◆ **INSTRUCTIONS FOR THE TASK**
The lines to extract begin at the line that contains "Fribourg gare CFF avec Tram" and run through the last line of the listing; reproduce them exactly, minus any pictures.

◆ **GIVEN INFORMATION**

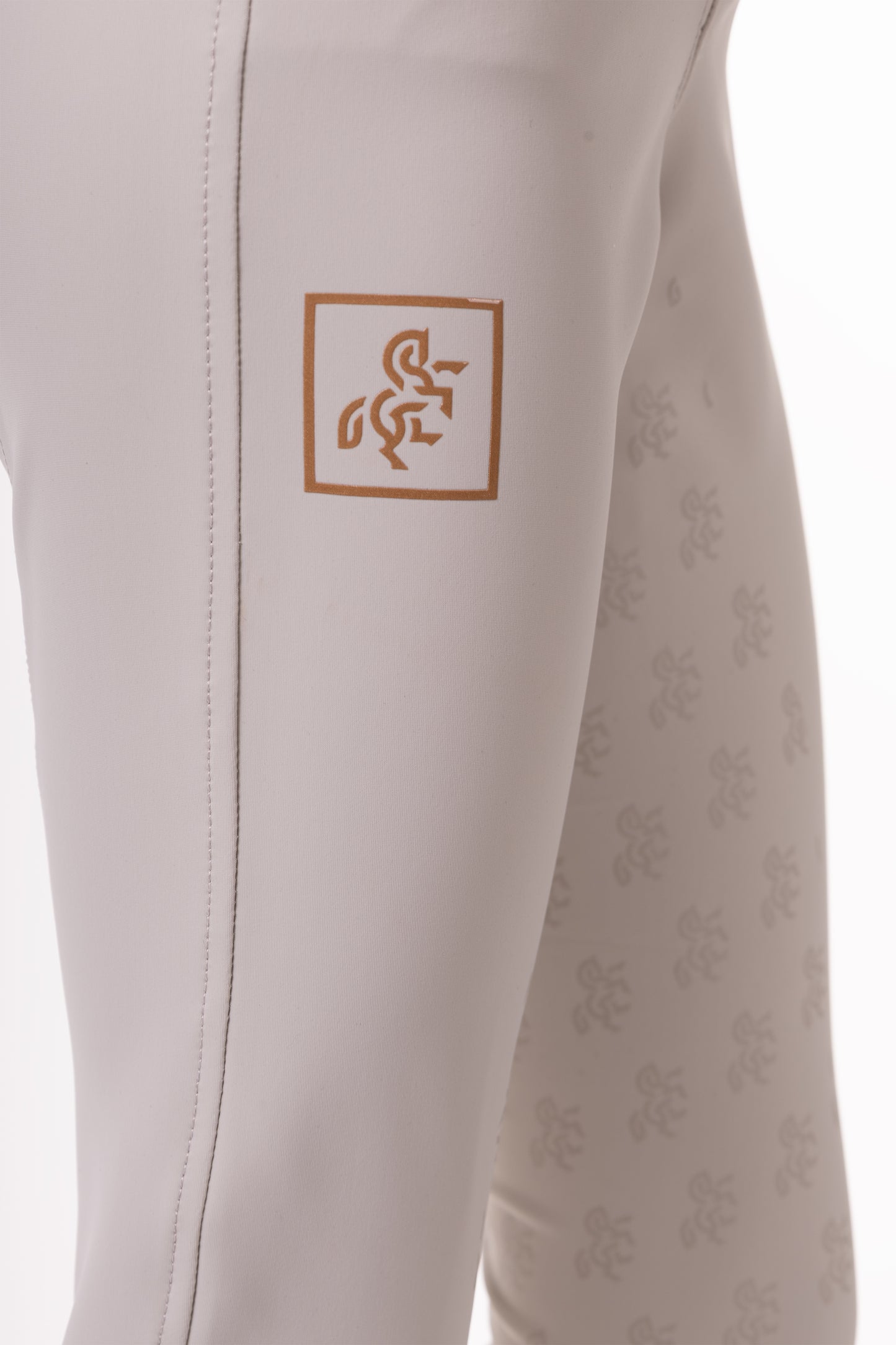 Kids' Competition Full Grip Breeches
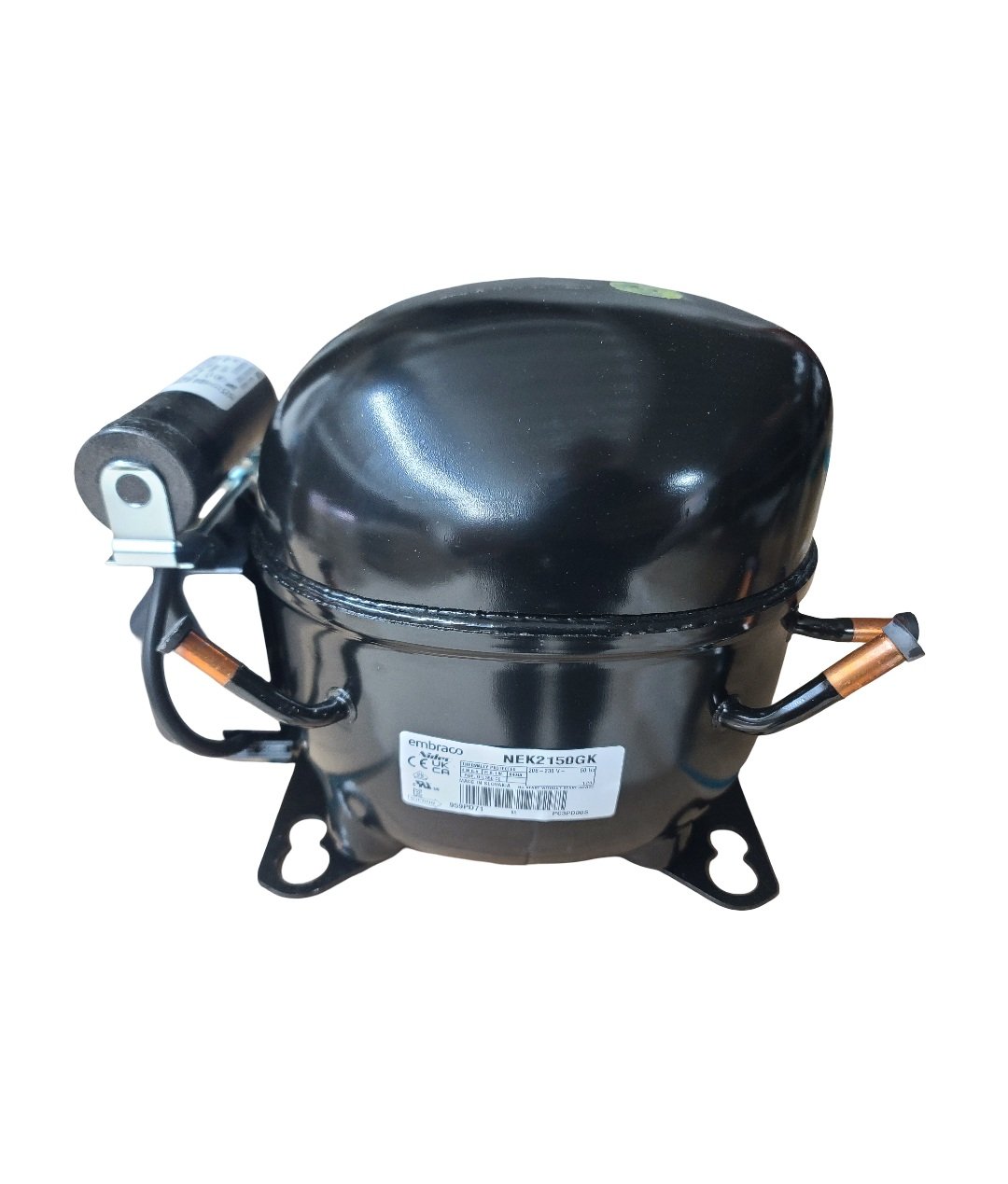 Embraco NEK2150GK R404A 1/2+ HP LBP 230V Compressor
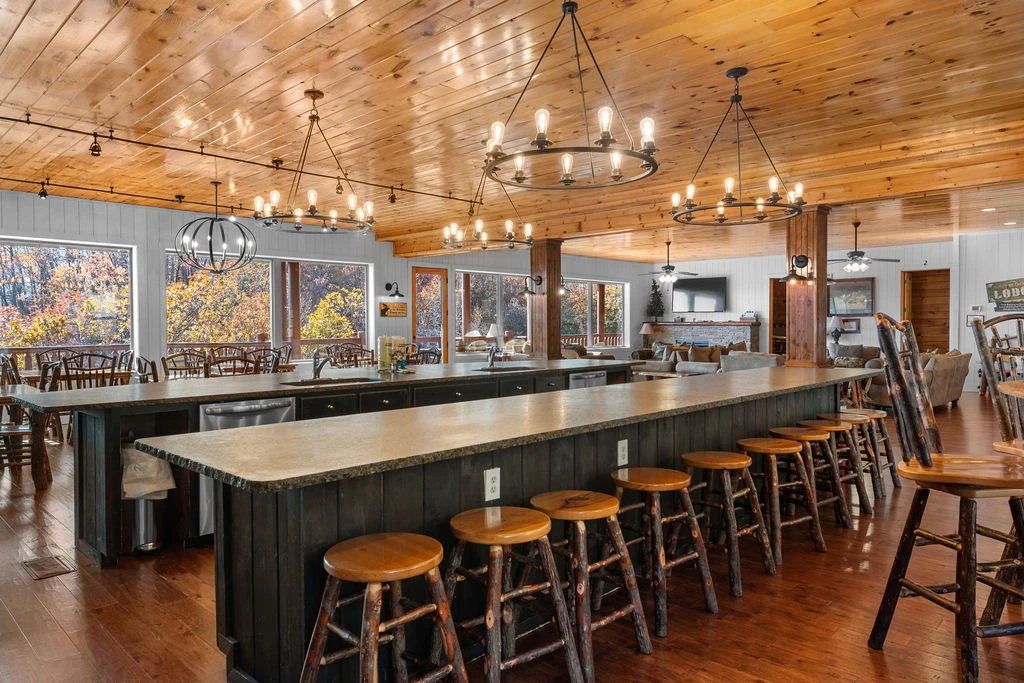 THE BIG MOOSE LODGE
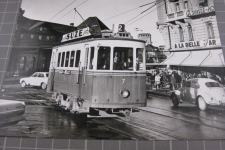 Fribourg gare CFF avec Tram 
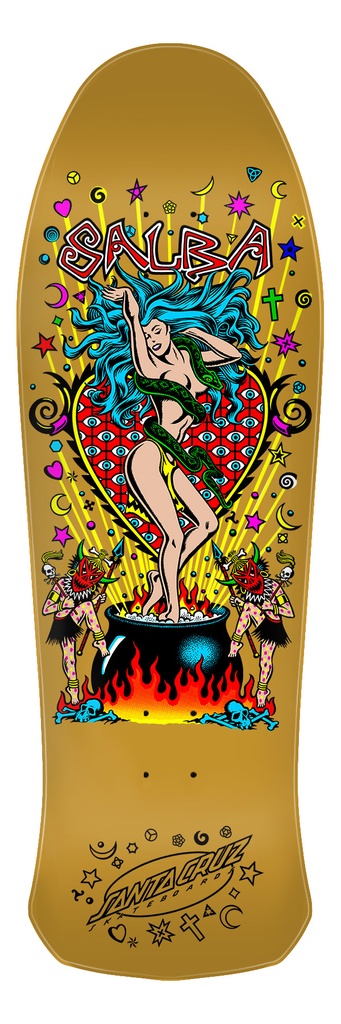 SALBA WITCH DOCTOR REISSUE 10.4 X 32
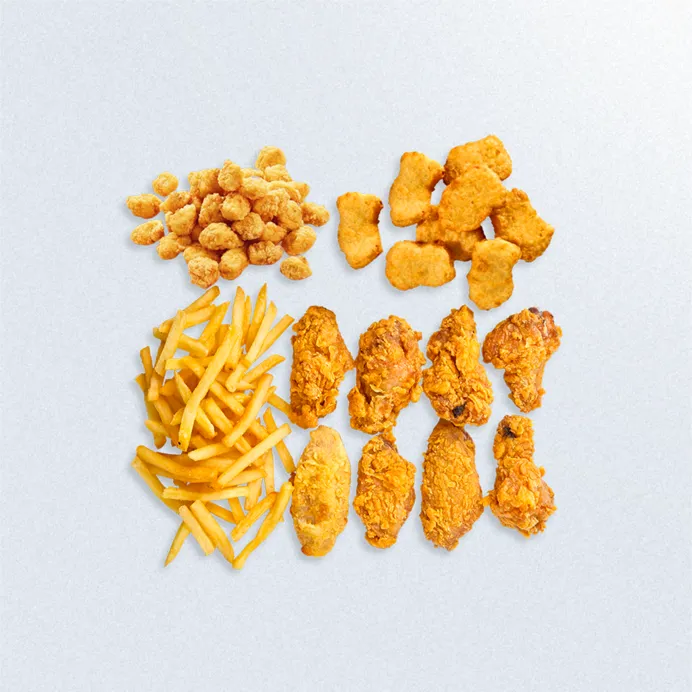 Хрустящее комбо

◆ **YOUR SOLUTION**
 Fribourg gare CFF avec Tram 
 SALBA WITCH DOCTOR REISSUE 10.4 X 32
 Хрустящее комбо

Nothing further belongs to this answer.